The Lockup is Up. The Numbers are Ugly
Six months ago, we broke down the IPO math on Netskope and Navan as they came out of the gate. The numbers at IPO looked decent enough on paper — Netskope pricing at $19, Navan in the $25 range, and we noted, as we always do, that the real test would come at lockup.
The lockup is up. Let's talk about what happened.
Netskope (NTSK)
Netskope (NTSK) has dropped from its $19 IPO price to roughly $8.67 as of last Friday — a decline of more than 54% since listing.
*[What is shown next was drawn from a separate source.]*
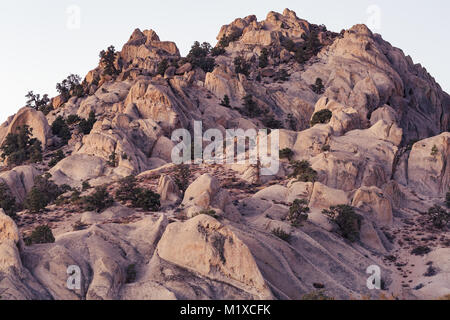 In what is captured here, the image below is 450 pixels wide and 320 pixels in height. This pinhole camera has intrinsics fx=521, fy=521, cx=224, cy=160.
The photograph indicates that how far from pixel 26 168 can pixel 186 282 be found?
4925 cm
This is not a story of a broken business. Q4 revenue grew 32% year-over-year to $196 million. ARR hit $811 million. The company turned free cash flow positive for the first time. By every operating metric, Netskope is performing. The market simply doesn't care right now. The lockup expiration on March 13 triggered a wave of selling that sent shares below $8, and a broader narrative about AI threatening legacy cybersecurity software models — the so-called "SaaSpocalypse" — crushed the whole sector along with it. Analysts are calling it a buy at 3x EV/S. The stock is now trading at less than half of what early investors in the November 2025 IPO paid.
Navan (NAVN)
Navan (NAVN) tells a similar story. The corporate travel and expense platform priced at $25, fell 20% on its first day, and has since settled in the low teens. As of last Friday, shares closed at $12.43 — roughly half the peak private valuation. Like Netskope, the fundamentals are actually improving: Q4 revenue of $178 million came in well above estimates, gross booking value surged 42% year-over-year, and the company turned free cash flow positive for the first time. The reward? A stock that has still never recovered its IPO price.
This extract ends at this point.